A joint investigation by Australian and Canadian authorities into the Ashley Madison data breach has released findings highly critical of the extramarital affairs website’s security practices.

Avid Life Media (ALM) was the target of a data breach last year, which saw the details of approximately 36 million Ashley Madison user accounts accessed.

Hackers published users’ details online, with the leaked data including user names, emails and addresses.

The investigation, opened in August last year, was conducted by the Australian privacy commissioner Timothy Pilgrim and the privacy commissioner of Canada Daniel Therrien.

It found that ALM (recently rebranded Ruby Corp) “did not have appropriate safeguards in place considering the sensitivity of the personal information” under Canadian legislation, and had not taken “reasonable steps in the circumstances to protect the personal information it held under the Australian Privacy Act”.

A “lack of an adequate framework failed to prevent the multiple security weaknesses”, with the investigation finding this “is an unacceptable shortcoming for an organisation that holds sensitive personal information or a significant amount of personal information”.

ALM has offered court-enforceable binding commitments to each commissioner to improve its personal information practices and governance.

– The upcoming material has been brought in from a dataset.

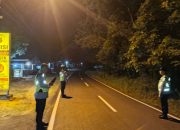 Aiptu Zulkarnaen Pimpin Patroli dan Razia Malam, Polsek Madang Suku I Jaga Kamtibmas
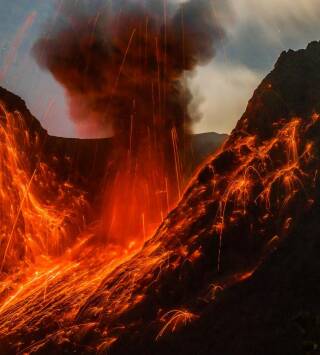 Expedición volcán: En el camino de un volcán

“The findings of our joint investigation reveal the risks to businesses when they do not have a dedicated risk-management process in place to protect personal information,” Pilgrim commented.

“This incident shows how that approach goes beyond ‘IT issues’ and must include training, policies, documentation, oversight and clear lines of authority for decisions about personal information security.”

Pilgrim noted that consumers should also be proactive when it comes to privacy.

“While ALM fell well short of the requirements we would expect for an organisation managing personal information, breaches can occur in the best-run companies,” he commented.

“The lesson for consumers is to make informed choices about providing personal information and to take privacy into their own hands.

“Be clear about what you are providing, the value you are getting in exchange, and understand that no organisation is ‘breach-proof’.”